La 21ème édition du Dour Festival coïncidait également avec ma 17ème participation. C’est donc toujours l’esprit léger que je me dirige, chaque année, vers le site de la Plaine de la Machine à Feu. Très vite toutefois, les embûches commencent à se multiplier. Sur la route, il faut se farcir un contrôle de très antipathiques policiers. Puis les inévitables files. Soit franchir toute une série d’étapes avant enfin de parvenir à l’entrée. Largement de quoi altérer mon enthousiasme. Mais c’est aussi le prix à payer, dorénavant, pour se lancer dans l’aventure d’un grand festival…
A tout instant de la journée (NDR : ensoleillée, il faut le préciser), une des cinq scènes (NDR : la 6ème –Red Frequency– n’ouvre que le vendredi) offre toujours un set intéressant à découvrir. Et mon programme débute par les ‘Picard’. Les Fatals Picards tout d’abord. Sur la grande scène. A contrario de ce que leur patronyme laisse supposer, ils ne sont pas issus du Nord de la France, mais bien de Paris ; et ça se ressent. Leur mélange de ska et de variété s’avère agréable à écouter sur disque. Leur tube et clip « Bernard Lavilliers », pour lequel ils avaient reçu le concours du Stéphanois, avait fait un tabac. Mais leur prestation est à cent lieues de véritables artistes du genre comme Marcel et son Orchestre. Le public ne s’y trompe pas et déserte en partie la plaine. Pourtant, celui des Francofolies lui aurait réservé un excellent accueil… autre endroit autres mœurs. Mais comme dirait Bernard (NDR : notre rédac’ chef, pas Lavilliers), ‘Il ne faut pas nous la faire…’
A premier abord, leur homonyme Pascal Picard et son band ne m’emballait pas davantage. Faut dire que sa pop gentillette passant en boucle sur la bande FM commence à me gonfler. Et pourtant, surprise (NDR : il y en a toujours à Dour), la jeune et souriante Canadienne va nous dispenser un set plutôt rock. Armée de sa guitare sèche, elle aligne les titres de son opus « Me, myself and us », dont son inévitable tube « Gate 22 ». L’interprétation très subtile de son répertoire séduit l’audience du Dance Hall. Une audience qui avait déjà pu vibrer lors du show accordé par la Flandrienne Selah Sue, dont la soul apaisante avait été unaniment appréciée.
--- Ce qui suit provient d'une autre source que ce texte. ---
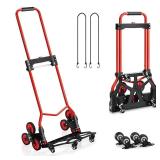 Stair Climbing Cart, 280 lbs Capacity Stair Climber Hand Truck and Dolly, Heavy-Duty Folding Stair Dolly with Stretchable Handle, 10 Wheels for Home Shopping Moving Warehouse - Retail: $62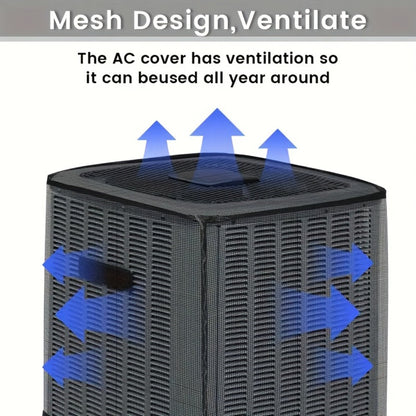 Outdoor AC Unit Cover Heavy Duty Waterproof Central Air Conditioner Cover with Mesh Vent Adjustable Straps UV Rain Snow Debris Bug Leaf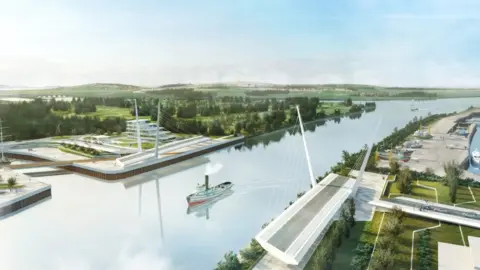 Renfrewshire Council  An artists' impression of the 184m bridge over the Clyde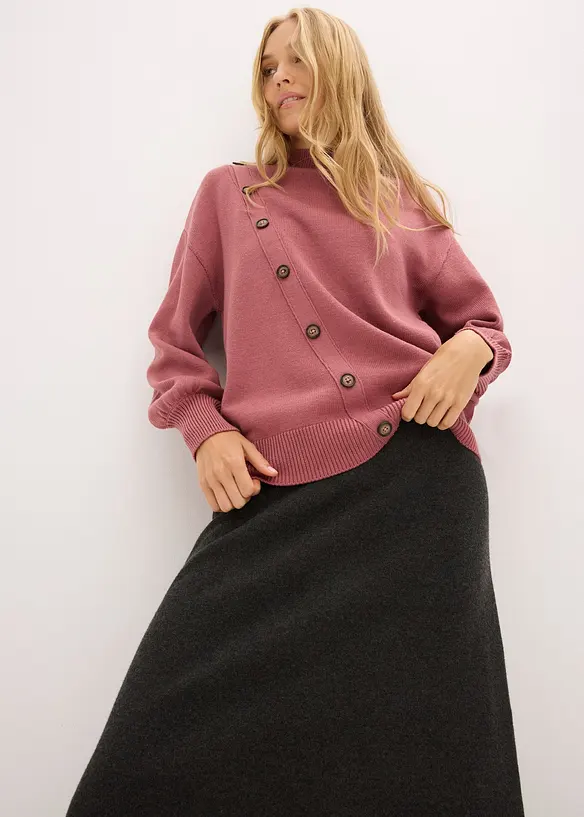 Pull à boutonnage asymétrique, bonprix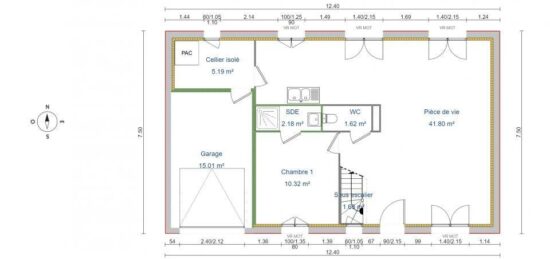 Plan de maison Surface terrain 112 m2 - 6 pièces - 4  chambres -  avec garage 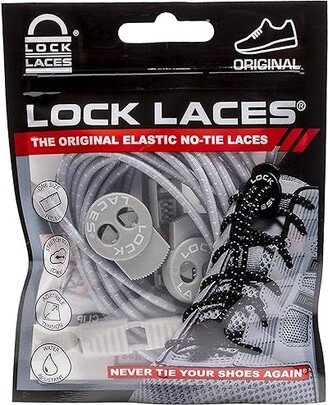 LOCK LACES Lock Laces(r) Original No-Tie Shoelaces (Cool Gray) Crew Cut Socks Shoes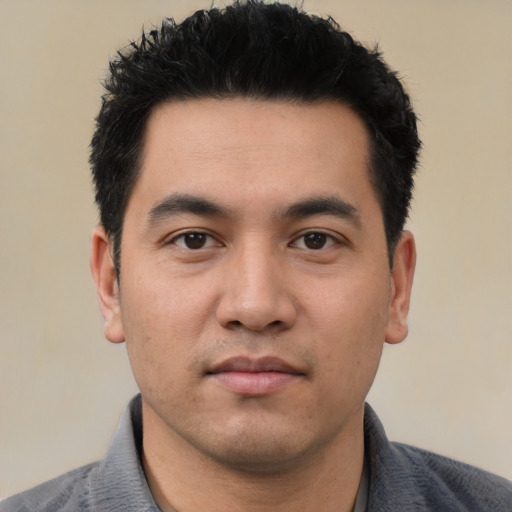 Neutral asian young-adult male with short  black hair and brown eyes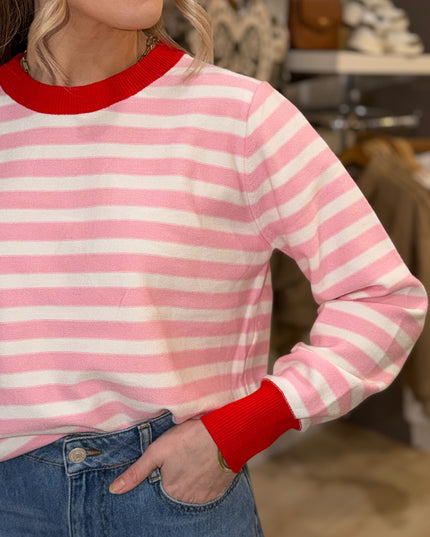 Stripe Knit Top - Red & Pink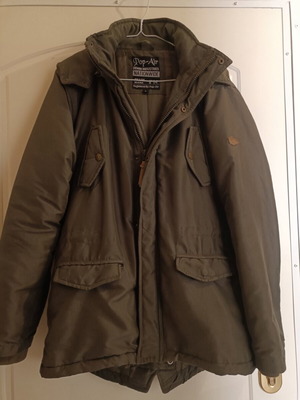 Men's jacket used, size large, with small defect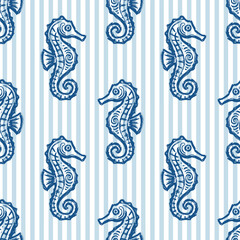 Blue seahorse seamless pattern on a striped field, ideal for nautical and coastal themed decorative design, textile printing, and marine decor projects. © Iryna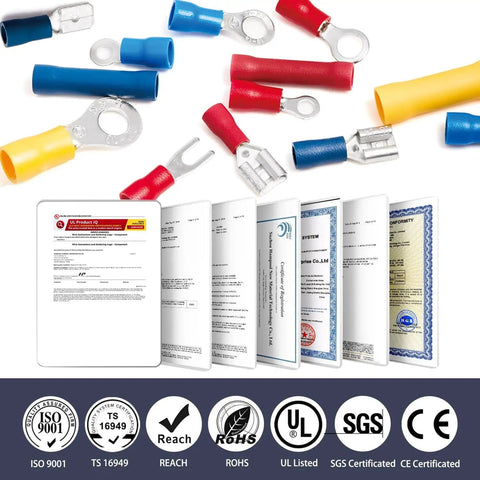 Insulated Crimp Wire Connector Terminal Kit 200 PC Assortment with ring, butt, and spade connectors and certification documents.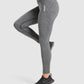 GYMSHARK ADAPT MARL SEAMLESS LEGGINGS BLACK GREY TAMPRĖS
Changement de scène et de style (NDR : il faut bien s’y faire à Dour) : Meshuggah monte sur les planches du Club-circuit Marquee. Vous ne les connaissez pas ? Leur patronyme se traduit littéralement par ‘taré’, en judéo-allemand… Leur style de musique est assez original. Oscillant quelque part entre métal et mathcore, il est raffiné par des accès de prog à la King Crimson. En 20 ans de carrière, la formation suédoise s’est forgé une solide réputation. Leur dernier opus, « ObZen » est paru en 2008. Et leur show accordé ce soir est plutôt emballant, pour autant que l’on ait une oreille avertie. Car les expérimentations et les changements rythmiques pointus, ce n’est pas du goût du festivalier lambda. En tout cas, c’est toujours un plaisir d’écouter un groupe qui excelle dans son style, même si l’on n’est pas un fan inconditionnel du genre. Et bonne nouvelle pour les fans de ce combo : un Dvd live serait en préparation…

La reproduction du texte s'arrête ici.